Starts at 8 p.m. and all proceeds from the $8 ticket price will benefit
the shelter, which placed over 500 animals, all spayed and neutered, in
homes last year alone. It's dark pop for a really good cause and
remember, like Bob Barker says, please spay and neuter your pet.
Subversive art The MFA Film program is presenting POPaganda: The
Art & Crimes of Ron English, for a five-show engagement. POPaganda
is a documentary film detailing the life and work of Ron English,
guerilla artist, billboard bandit, post-pop pundit, post-punk
prankster, counter-cultural cartoonist, and a lot of other things
involving alliteration.

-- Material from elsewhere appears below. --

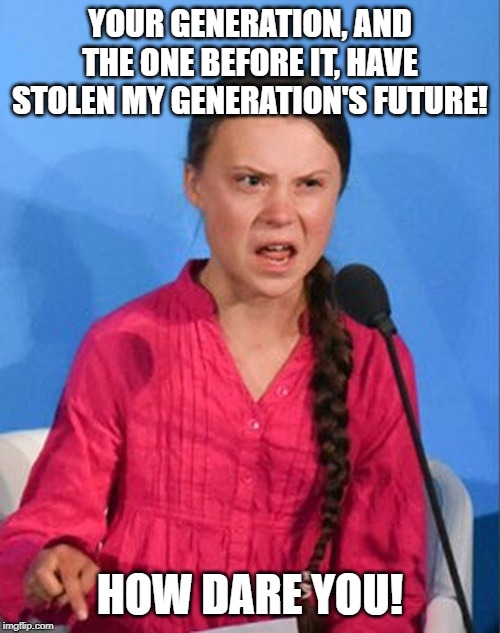 Greta Thunberg how dare you | YOUR GENERATION, AND THE ONE BEFORE IT, HAVE STOLEN MY GENERATION'S FUTURE! HOW DARE YOU! | image tagged in greta thunberg how dare you,idiot,hypocrite,vegan | made w/ Imgflip meme maker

He first gained a modicum of fame in 1982 for
surreptitiously reworking advertising billboards to criticize American
society (of course, risking arrest for his art). The film, by Pedro
Caravajal, himself an artist of the documentary, will be playing
through Feb. 12 at the Remis Auditorium, MFA. Tickets are $8 for MFA
members, seniors and students, $9 general admission. Call the Box
Office at 617.369.3306 for tickets.
February is Black History Month And in celebration of that, the
Bunker Hill Community College Art Gallery, fast becoming the most
interesting gallery on the block, will be presenting an art exhibit
titled "New Masters of Art," featuring the work from the
African-American Master Artists-in-Residence Program. Fourteen artists'
work will be represented, in painting, textile, photography, sculpture
and mixed media. Bunker Hill Community College Art Gallery is located
at 250 New Rutherford Ave., Charlestown, call 617.228.2093 for more
information. the exhibit runs through Feb. 25, and there'll be an
artists' reception Thurs., Feb. 17, 5:30 p.m., featuring jazz music by
Goddess Groove.
February 4
Friday
the unbearable queerness of being Opening tonight is a
retrospective of the past nine Artists in Research Residency at the
Berwick Research Institute, many of whom are queerish folk, including
arts scene (and just in general) darling Aliza Shapiro. The works run
the gamut of artistic expression, from sound and space to video and
performance, and will inhabit the Mills Gallery at the Boston Center
for the Arts, 539 Tremont St. Tonight, from 6 to 8 p.m., there will be
a chance to meet and greet the artists and to hear a gallery talk from
the curator at the reception. For more information, check out
www.berwickinstitute.org.
Divas, live! Ok, so it's not VH-1, but it just might be better.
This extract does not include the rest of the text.